In the resettlement area of Delhi we know that the average age of people starting to smoke is 14. Tobacco is a major issue threatening the health of the young people – this could be through smoking or chewing tobacco in a form called gutka.
The programme is a great example of how the issue of tobacco is being tackled at an educational level. It uses awareness days such as World No Tobacco Day to run interactive sessions focused on the health problems associated with tobacco and offers techniques and counselling on how to quit.

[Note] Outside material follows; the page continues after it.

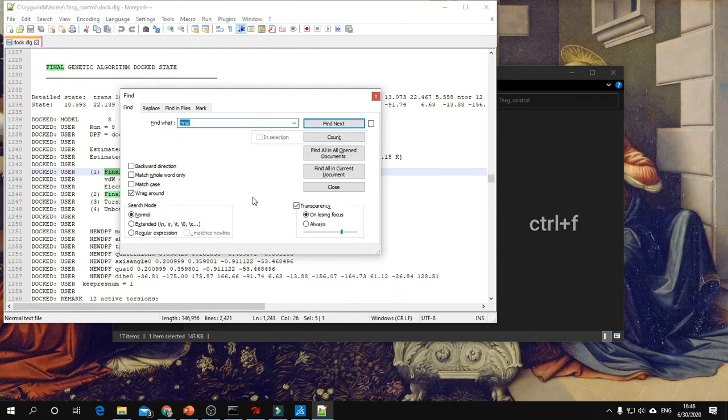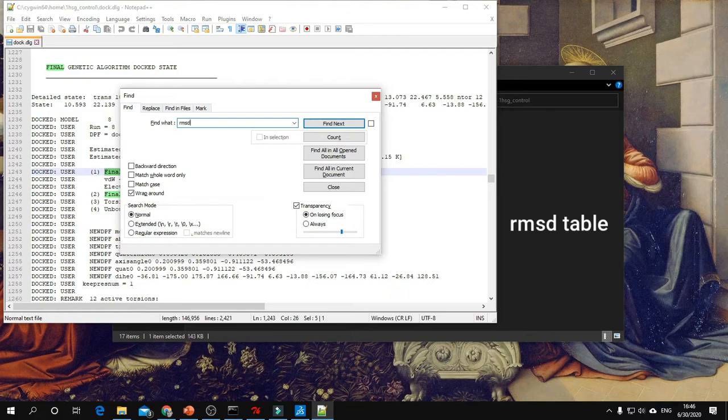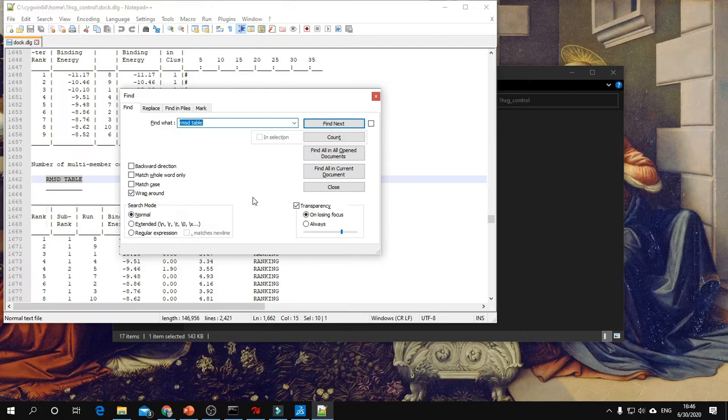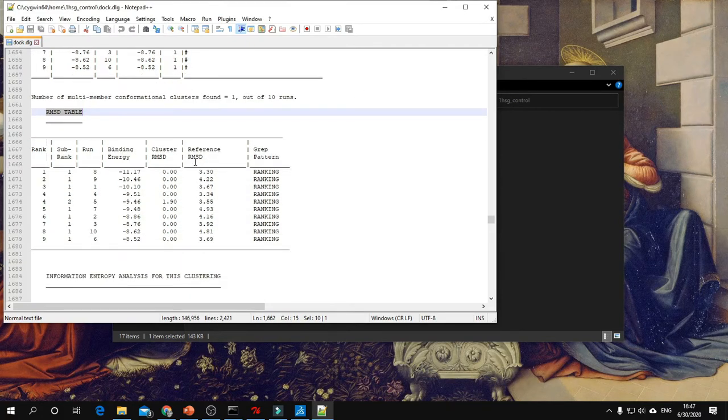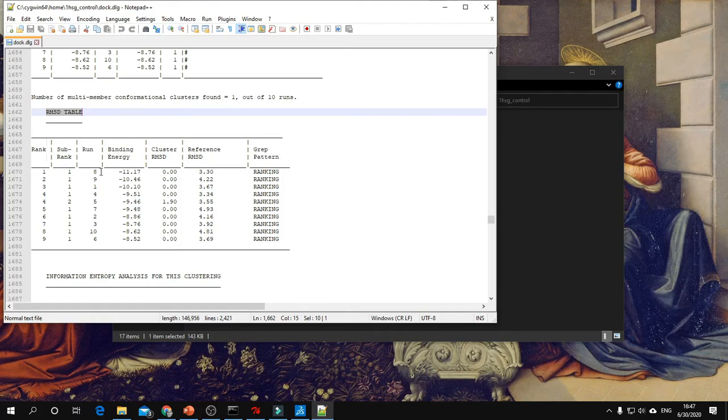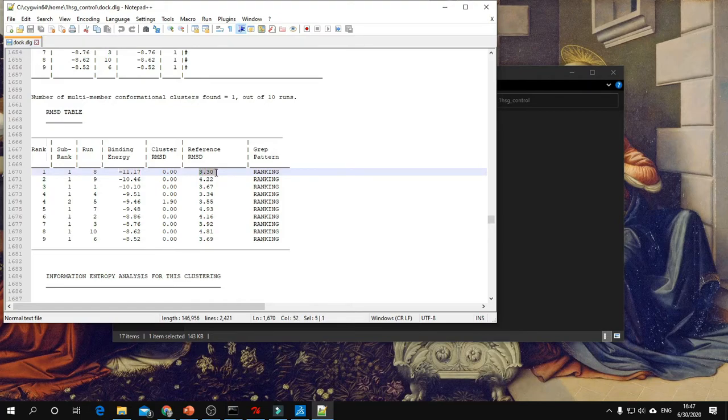Type RMSD table. Within this RMSD table you can find run number 8, the binding energy again, and the RMSD value.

It also highlights the importance of local advocacy to make a real impact on the lives of young people in the community. The programme mobilised the authorities and community stakeholders to target tobacco vendors close to schools. The Plan International team found that although all vendors displayed a sign stating that they don’t sell tobacco and tobacco products to the children below 18 years of age, children still constituted a large number of their customers.
It was concluded that vendors had a connection with local police, and so were often free to sell the products without fear of reprisal. Advocacy meetings were conducted with the education department and police officials to discuss the need to enforce the existing policy of not selling tobacco to children under the age of 18 and not to put the tobacco stalls within 100 meters of schools. This has been a success for the programme on making small steps to tackling the issue of tobacco.
A lot can be learned from the approach that has been taken in the start to tackle tobacco. But Tobacco control is not the end of the story, we need to use the model developed to reduce smoking globally to tackle other risk factors to health such as alcohol and unhealthy food and drinks. The Young Health Programme will continue to shine a light on the need to tackle the ‘invisible epidemic’ that is sweeping the globe to ensure that the health of adolescents is not forgotten.